Fencing Age Categories

Age eligibility is determined at the start of the year – the fencers age on January 1st, and you remain in that category for the rest of the fencing season.

As the Australian competition year is the same as the calendar year, this means if you are 12 on January 1st, you will be eligible for Under-13 competitions for the whole year, even if you turn 13 on January 2nd.

Yes, people born early in the year have an advantage. It’s called “relative age effect” and you can read more here: Relative Age Effect

Age Categories that are normally used in Victoria are:
U9, U11, U13, U15, U17, U20, 40+.

However in NSW they have aligned with the Asian competitions:
U10, U12, U14, U16, U17, U20, 40+.

Internationally, the FIE runs events for U17 and U20, which is why you see those two appearing in both systems.

In Fencing, “Cadets” refers to the Under-17 age group, and “Juniors” refers to the Under-20 age group. (Here at the club, we usually mean something more like U12 when we say “junior”)

“Veterans” In Australia means ages 40+, but Internationally a Veteran Fencer is 50+. Similarly “Masters” in Australia is 30+, but 40+ internationally.

Simple, right?

“Fencing Up” refers to entering an age category above the one you are eligible. For example, a 10 year old who is eligible for U11 competitions, may choose to enter an U13 competition.

They may do this for greater experience and challenge, or because there are not enough fencers to run separate competitions for the two age groups. If they have traveled a long way, they may be looking to get more fencing for their money by entering 2 events.

Generally it is not advisable to fence more than one age group up.

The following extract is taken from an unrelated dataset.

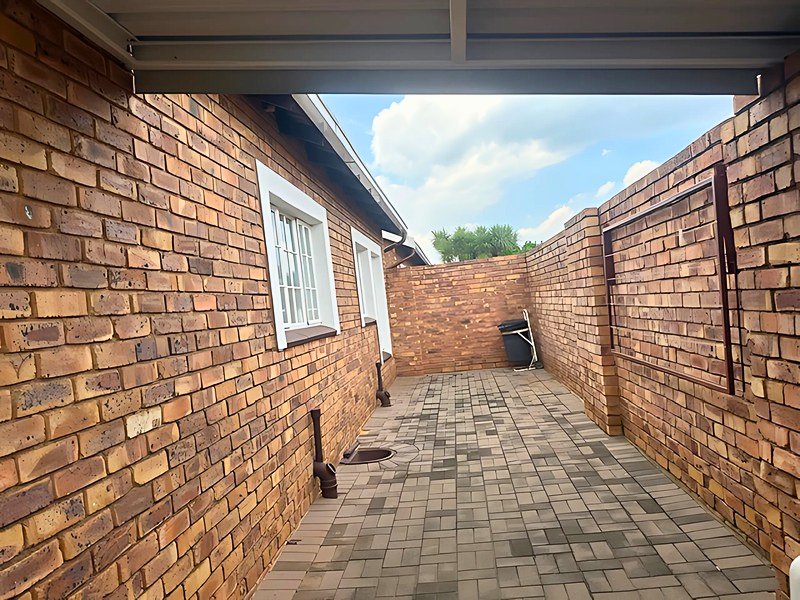 2 Bedroom Property for Sale in Wilro Park Gauteng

This article discusses the challenges of moving into a new age category: https://academyoffencingmasters.com/blog/what-happens-as-you-age-into-new-age-category-in-fencing/

For Junior fencers the age category can also affect the size of weapon they will compete with.
In Victoria, U11’s must fence with a size 3, while all older categories permit size 5 weapons (full size). Always check the requirements of a specific competition, especially when traveling interstate or overseas.
If you will need a size that is different to what you normally train with, try and practice with the competition size for a few weeks prior to the competition.